To be a landscape painter is to be a perverse individual.

Painting is a visceral experience, one loaded with subtle information. Only Cezanne could get away with a system.

There are many prejudices about art, and first among them is that it is a skill and that there are definite rules.

Chaos in nature is immediately challenging and forces a good artist to impose some type of order on his or her perception of a site.

It is through color changes that we go forward... all decisions come about as the picture is made and in response to painterly demands. The descriptive and anecdotal come second.

I want the people looking at my work to feel a sense of all the possibilities of painting, and, through that, in life as a whole. When that happens, I feel I've accomplished something useful.

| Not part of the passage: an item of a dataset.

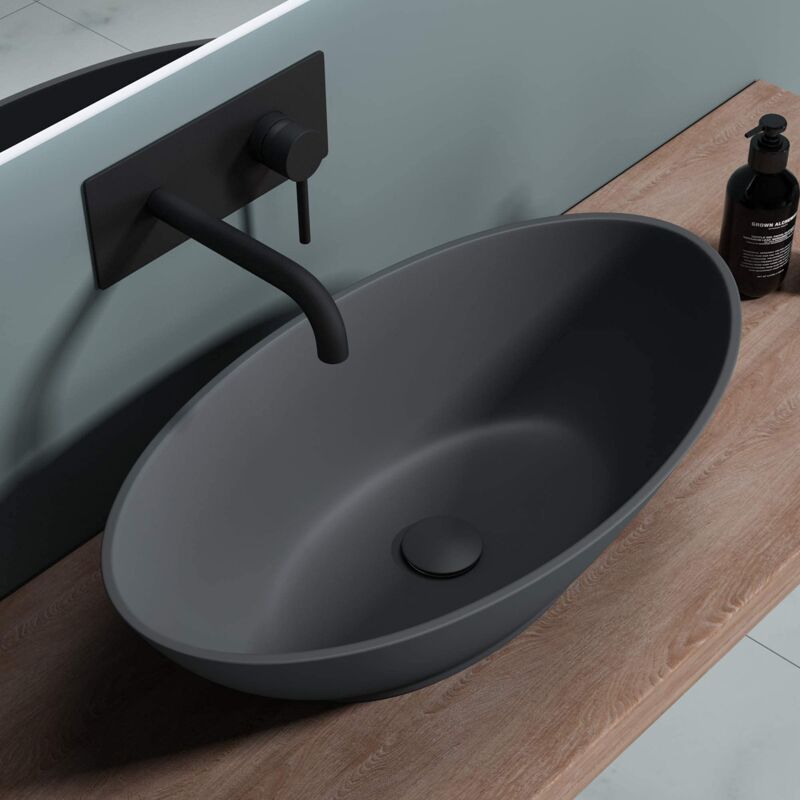 foto del prodotto lavabo da appoggio, lavandino bagno 62.5x34.5x17.5cm, lavabo ovale da minerale fuso colossum807, antracite opaco doporro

The artist's alertness to the coloristic demands of each picture, the ability to respond to the picture's needs, to feed the color until its appetite is satiated; these are the true measures of a colorist's talent.

People mistakenly think that art is about nature, or about an artists feelings about nature. It is instead a path of enlightenment and pleasure, one of many paths, where nature and the artists feelings are merely raw material.

I like being old, even if the names I hear are more and more unfamiliar. Maybe, to paraphrase Goethe who said that, "Youth is wasted on the young," we should add that "Age can be wasted on the aged," unless one's capacity to wonder increases.

I'm always trying to get to a danger point in color, where color either becomes too sweet or it becomes too harsh, it becomes too noisy or too quiet, and at that point I still want the picture to be strong, forceful, and the carrier of everything that a painting has to have: contrast, drama, austerity.